- Offer your breast by lining up your baby’s nose to the tip of your nipple. This will allow her to smell the milk droplets from your breast and open wide when ready. When your baby opens wide, her nose will move slightly up and away while her chin comes in closer to the areola, the darker part of the breast surrounding the nipple. Sandwich your breast by placing your thumb on top and fingers underneath your breast about half an inch or so away from the areola. When she opens wide, quickly lay your nipple on the mid to far back part of your baby’s tongue. This will trigger a nice deep latch.
- If your baby needs a little extra stimulation to encourage her to open wide, cup your breast with thumb on top and forefinger underneath, and lightly touch your baby’s lips with your nipple. This may be enough to stimulate her rooting reflex and a wide-open mouth.
- A good latch should not cause discomfort. You should hear a pattern of several sucks, a pause, and then a swallow when she’s actively feeding.
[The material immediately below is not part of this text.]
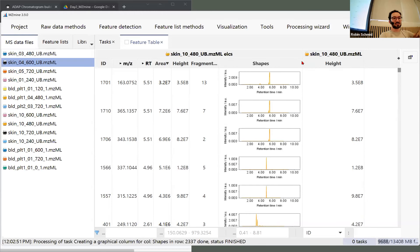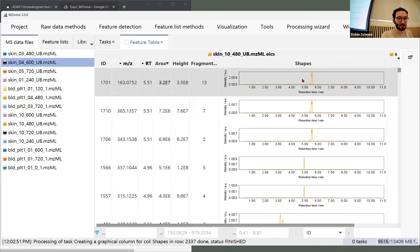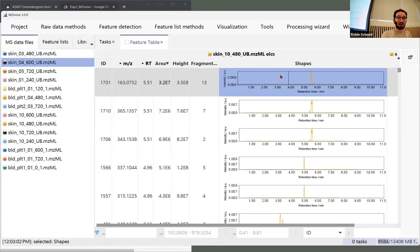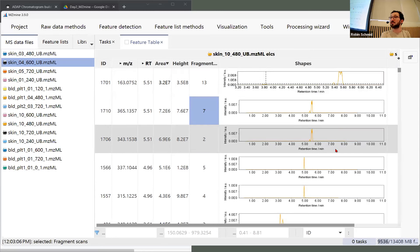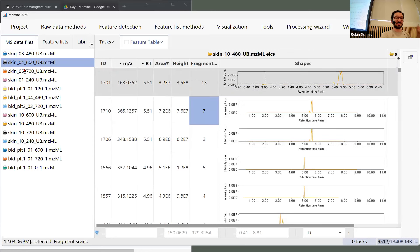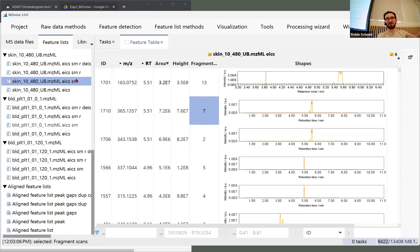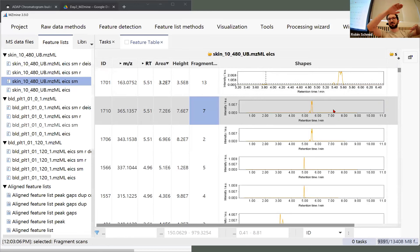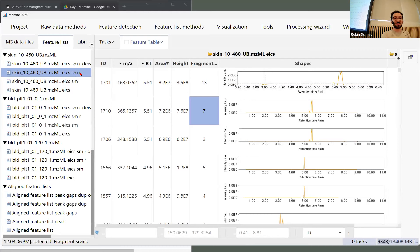For the chromatograms, I can look at the area — if I sort by descending area, we can see all the shapes. I can increase that, it takes a bit of time, and then we have all the chromatograms. I can click in the charts and zoom in to look at the shapes. We can already see that some extracted ion chromatograms now show multiple peaks that we need to separate — that is what we do with smoothing, to get rid of fluctuations, and then also with resolving.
As your baby continues to nurse, she will become more relaxed, then release your breast when satisfied.
- Some additional signs to see if your baby is latched on well: her nose should not be shoved into your breast but her chin should be slightly touching it; your baby’s lips should seal around as much of your areola as it can but does not have to have the whole areola in her mouth. After a feeding, your nipple shape should not look pinched or discolored.
- Don’t panic if it takes several tries to get your baby to latch on. If the feeding is painful or feels like your nipple is being pinched, gently break the suction between your baby’s gums and your breast. You can do this by simply placing a clean finger between the two before taking your baby off your breast and trying again. Sometimes these things take a little extra time and practice.
- Reach out to a lactation consultant if you're having trouble establishing a good latch or have any questions or concerns. Getting your baby to latch on may sound simple, but it's also very normal to need some help with it in the early phases of breastfeeding.